Debut novelist Tanis Rideout examines the obscure motives of this famous mountaineer and proposes plausible events to explain what might have happened to his team. Sadly, the expedition --- presided by the Mount Everest Committee on behalf of the Crown --- ended in the deaths of two Tibetan locals along with Mallory and his younger companion, Sandy Irvine. The climbers died within 800 feet of the summit under circumstances that one day might prove convincing enough for Mallory to be credited as the first to reach the summit.
"ABOVE ALL THINGS is a fantastic novel on a subject that is terrifying, shocking, wondrous, achingly sad, and a part of recorded history. This is an immensely interesting, romantic read that will appeal strongly to mountaineers and nature/adventure seekers of all dispositions."
Thanks to the marvelous storytelling talents of Rideout, this controversial expedition has been layered with meaning and mystery. The cover reveals the author’s emphasis on the romantic, showing Mallory’s passion and inner drive for the climb while preserving historical details, essentially likening the task of Mallory defeating the mountain to his pursuing a beautiful woman rather relentlessly. Mallory seemed willing enough to sacrifice anything for a passion that had become fierce. In that way, he was very much an explorer, forging new ground while his wife, Ruth, played the role of the worried astronaut’s wife --- pursued by reporters constantly, her life filled with grief and continual fear for her husband’s safety and return.
While enduring the brutal climb in all its difficult stages, Mallory revisits his hopes, dreams and relationships, thinking of his beloved wife, his friends, all that is left behind and lost, those he has let down, his beautiful children, the expectations of himself and his country. The man was undoubtedly capable of handling almost anything except holding back or letting go, and his persona is laid out beautifully and quite tragically here.
The team Mallory travels with is as fierce and competitive as he is, and Mallory finds that he is distrusted by some members of the team who have climbed with him before and view him as reckless and obsessive.
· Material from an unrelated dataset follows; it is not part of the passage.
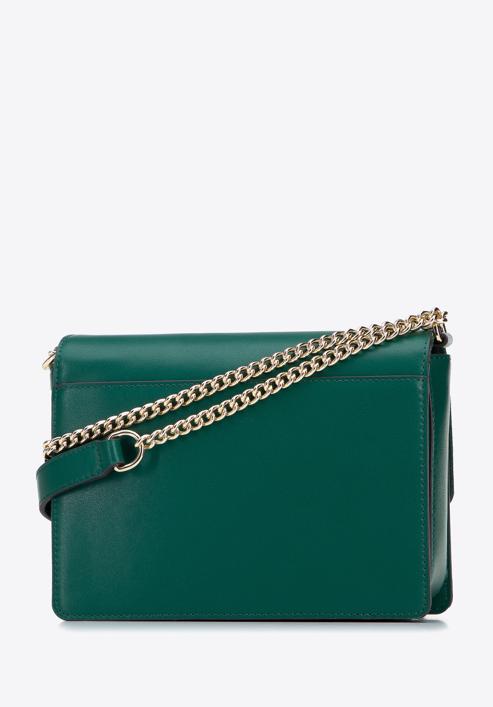 Leather flap fringed shoulder bag, green, 95-4E-659-1, Photo 3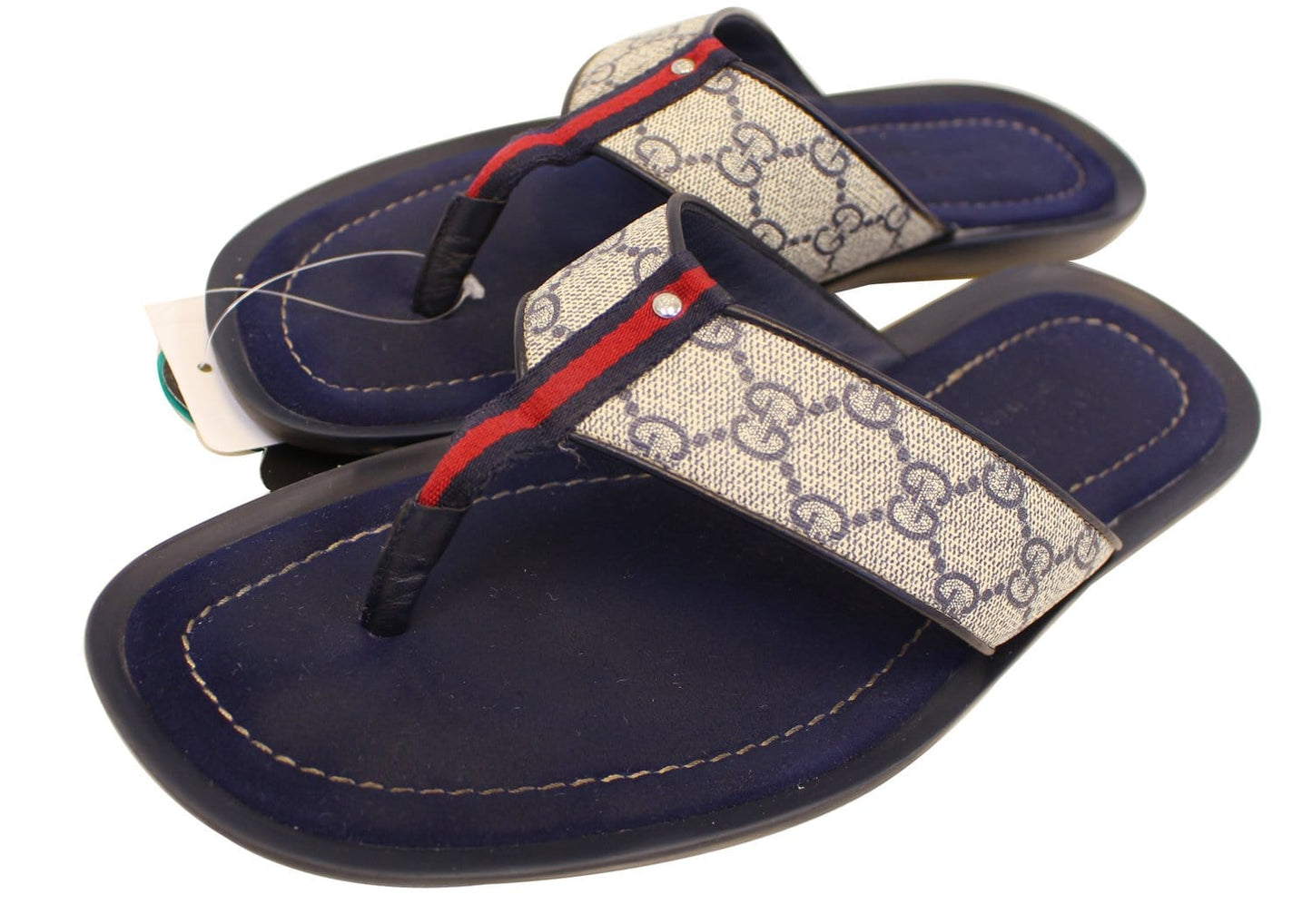 Gucci Men's GG Supreme Blue Flip Flops Sandals Size 9 G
But this doesn’t stop him in determining his course. Looking to the goal, the weight of potential achievement and leadership, he leads them forward to begin the grueling task that ends with lives taken.
The book details agonizing and strikingly beautiful details that surround Mallory’s historic journey, beginning with the process of traveling to Tibet, crossing rivers, passing settlements and the Rongbuk Monastery (“the last human outpost”), to finally reaching the base of Everest and beyond in what must have been an astoundingly beautiful view. Mallory’s excitement and angst are as much a part of the reader’s experience as anything, all things portrayed vividly but becoming more disturbing with each step of the road.
The expedition becomes more and more difficult with each new landmark achieved and every altitude record broken. The most comfortable these men ever seem to get is traveling to Tibet and reaching base camp, which is set at 17,000 feet and offers one of the only opportunities for comraderie they will get.
The materials they bring with them are infinitely interesting, including a number of fine foods, along with tobacco, petroleum jelly, oxygen, tents, champagne, whiskey and rope. This approach of bringing large quantities of gear and celebratory materials was new; Mallory recalls stories of early expeditions and climbing lore he had witnessed as being accomplished with a minimum, though some of these ended tragically. We learn of sad events witnessed by Mallory, including the death of mountaineer Maurice Wilson, whose body he found frozen upon Everest, the man seemingly content in his last moments. This trip being Mallory’s third voyage, it seems clear that Rideout felt he knew quite well what he was getting into and the probable outcome, the only uncertainty being the degree of acceptable loss and sacrifice he could allow others to take on his behalf.
ABOVE ALL THINGS is a fantastic novel on a subject that is terrifying, shocking, wondrous, achingly sad, and a part of recorded history. This is an immensely interesting, romantic read that will appeal strongly to mountaineers and nature/adventure seekers of all dispositions.